Thursday, February 24, 2005

Hybrid MOLAP/ROLAP dimensions

Some dimensions—if you push them to their physical extreme, something we never did in 2000—get very, very large at the bottom. As a simple example, you could have 50M customers. In 32-bit AS2K you would never dream of making that a dimension—or at least not a MOLAP dimension—and you wouldn’t want to make it into a ROLAP dimension either, because that would eliminate any MOLAP data storage anywhere in the cube. In 2005, I can easily imagine a situation where I would want the most aggregated attributes (Country, State, City) of a user hierarchy to be MOLAP—so that they can support good MOLAP aggregations—and the bottom attributes (such as Customer, or even Order ID) as ROLAP, so they don’t require MOLAP processing.

The developers imagined it as well, but apparently couldn’t get it to work in the Yukon time frame. So the whole dimension has to be either MOLAP or ROLAP. In the first place, my experience with large ROLAP dimensions used with a MOLAP cube is very limited (which is to say, not yet existent), so it may not be all that much of an issue.
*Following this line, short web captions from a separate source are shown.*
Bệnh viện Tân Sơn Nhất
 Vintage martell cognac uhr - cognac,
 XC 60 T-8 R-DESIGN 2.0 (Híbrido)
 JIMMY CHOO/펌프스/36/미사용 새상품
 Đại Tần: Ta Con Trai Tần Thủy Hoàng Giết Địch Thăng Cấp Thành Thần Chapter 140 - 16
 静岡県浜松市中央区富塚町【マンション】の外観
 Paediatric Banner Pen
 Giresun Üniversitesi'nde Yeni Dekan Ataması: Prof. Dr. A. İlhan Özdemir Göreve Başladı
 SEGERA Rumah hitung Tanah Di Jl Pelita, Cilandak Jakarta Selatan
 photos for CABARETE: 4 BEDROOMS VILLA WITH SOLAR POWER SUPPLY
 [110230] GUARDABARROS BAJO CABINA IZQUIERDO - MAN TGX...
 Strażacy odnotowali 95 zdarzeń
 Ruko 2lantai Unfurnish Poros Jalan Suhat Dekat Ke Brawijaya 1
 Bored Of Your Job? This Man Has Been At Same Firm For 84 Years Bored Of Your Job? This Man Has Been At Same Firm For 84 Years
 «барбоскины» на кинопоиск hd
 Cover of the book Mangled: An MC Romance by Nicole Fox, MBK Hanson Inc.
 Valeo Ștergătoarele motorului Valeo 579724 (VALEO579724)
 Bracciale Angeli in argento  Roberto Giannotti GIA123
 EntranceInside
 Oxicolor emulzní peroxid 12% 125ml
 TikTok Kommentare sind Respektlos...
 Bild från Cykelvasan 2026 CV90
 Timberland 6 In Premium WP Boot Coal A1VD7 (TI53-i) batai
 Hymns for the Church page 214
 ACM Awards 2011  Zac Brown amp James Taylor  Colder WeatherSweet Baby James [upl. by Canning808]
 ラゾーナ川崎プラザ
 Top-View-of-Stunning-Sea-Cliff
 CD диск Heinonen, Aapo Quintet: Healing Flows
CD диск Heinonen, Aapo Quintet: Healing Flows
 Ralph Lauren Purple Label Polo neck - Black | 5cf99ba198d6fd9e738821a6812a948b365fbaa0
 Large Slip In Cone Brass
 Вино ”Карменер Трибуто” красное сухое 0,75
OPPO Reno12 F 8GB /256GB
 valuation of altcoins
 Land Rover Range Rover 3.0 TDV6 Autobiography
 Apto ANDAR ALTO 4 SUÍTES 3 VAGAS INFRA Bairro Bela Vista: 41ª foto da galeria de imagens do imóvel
If it turns out that a truly “hybrid” dimension is desirable, there are a couple of ways I can think of for creating the hybrid. One is to split the dimension in two, with the higher-level (MOLAP) one a reference dimension by way of the lower-level (ROLAP) one. Another is to create a many-to-many dimension to connect the two. It will be interesting to experiment with different alternatives in specific scenarios.

-- Reed

Wednesday, February 23, 2005

Drill Through and Fact Dimensions

Fact Dimensions did not work in Beta 2. At the time I assumed that they were just “degenerate” dimensions, so that you could create dimensions directly from low-cardinality values stored directly in the fact table—such as whether a row was part of a promotion or something like that. I also assumed (without ever really looking at it closely) that Drill Through was basically the same as in AS 2000—a SQL Query retrieval of the rows that contribute to a specific cell.

In the Dec CTP, they fixed fact dimensions—and it turns out that they are completely different from what I had thought. A fact dimension is essentially using the fact table itself as a dimension—with multiple possible attributes—and it is the key to getting Drill Through to work.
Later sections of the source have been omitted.